# Subwoofers Not Working



## CarSpeakers420 (Jul 9, 2009)

i recently had 2 subs in a sub sub box (kenwood 12") and a 600 watt amp (also kenwood) and the subs will work...but they will go off about 5 times a song. the time varies, but they will come back on fairly quick. Is there any thing i can do to fix the, or do i need to return to Best Buy and have the installer look at it?


----------



## jaggerwild (May 21, 2007)

You do not give a lot of info here, like what gauge wire are you using for power? A thousand watt I'd suggest 8 gauge or bigger if it is "true" watts. Also the ground is it short and tight, no lose connection to the frame? Is it a clean ground, tightly bolted down?Paint removed from around the bolt hole?
What about the fuse holder, with in a foot of the battery? Is it the proper amp fuse?
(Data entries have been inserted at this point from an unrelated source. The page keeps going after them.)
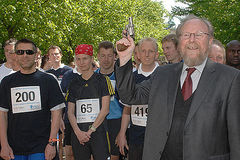 Bundestagsvizeprsident Wolfgang Thierse (SPD) gibt den Startschuss zum 11. Berliner Bundestagslauf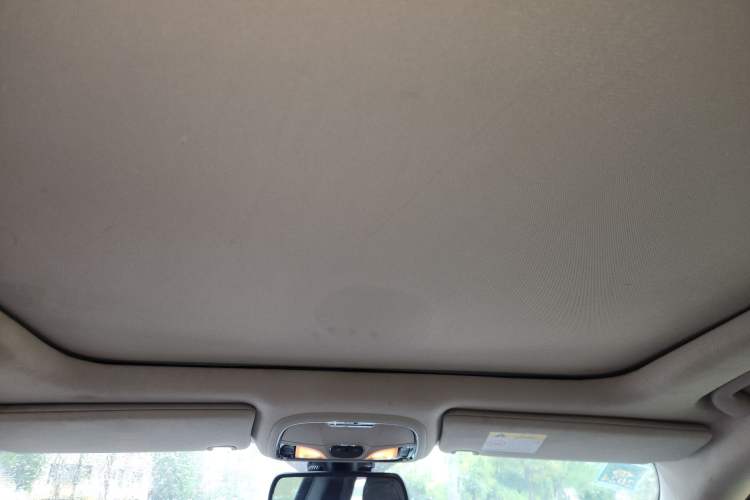 Used Jeep Cherokee 2016 2.4L Leading Smart Version Headliner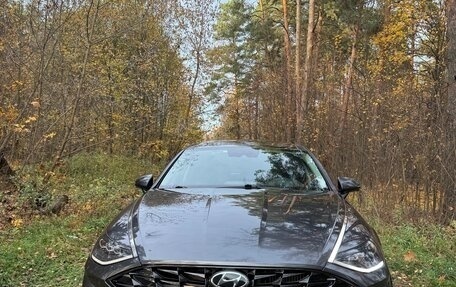 Hyundai Sonata VIII, 2020 год, 2 650 000 рублей, 2 фотография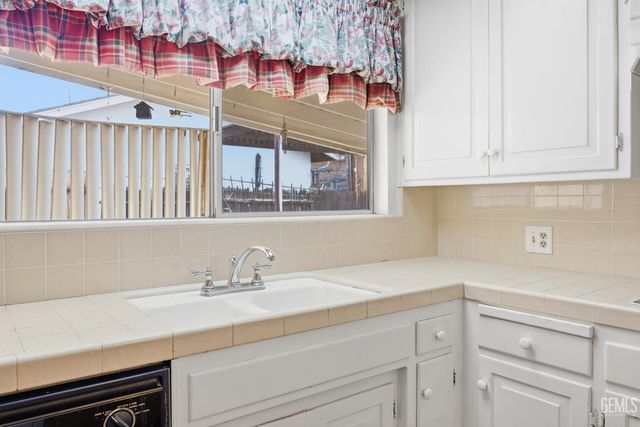 2418 Hasti Acres Drive, Bakersfield, CA 93309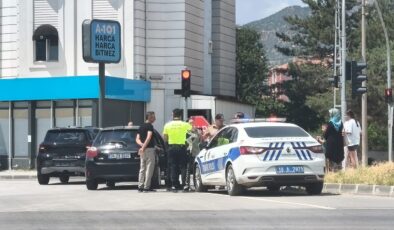 Osmancık’ta İki Otomobil Çarpıştı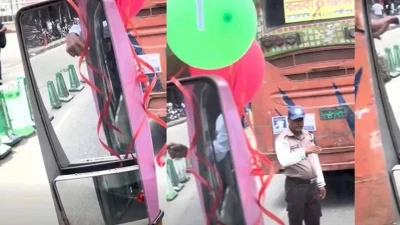 নারী বাস চালুর প্রথম দিনেই দুর্ঘটনা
The fuse can melt the solder from over volting and still work but be intermittent,try swapping it out? 
Try hooking the subs up in a different pattern, hook them up bridged or not witch ever way you have it try another. Try only one sub at a time, of course do not turn it all the way up or else.How many OHM'S is the amp ratted for? Are the subs dual voice coil or not?
And lastly people who work at best buy get paid to work fast not to make sure the install is done properly, may I suggest going to a more personable shop. Like the local car store place, pay the extra money then you know who ever did it cared weather or not it was done right the first time. A little money for a lot of peace of mind. 
Good luck post back!


----------



## carsey (Aug 19, 2006)

RMS powers of both the sub and amp will be good.

Can you see the amp go into protection mode when it goes off? How hot is it?


----------



## lcurle (Oct 5, 2008)

Are the subswoofers Dual Voice coil? if so how do you have them wired up?


----------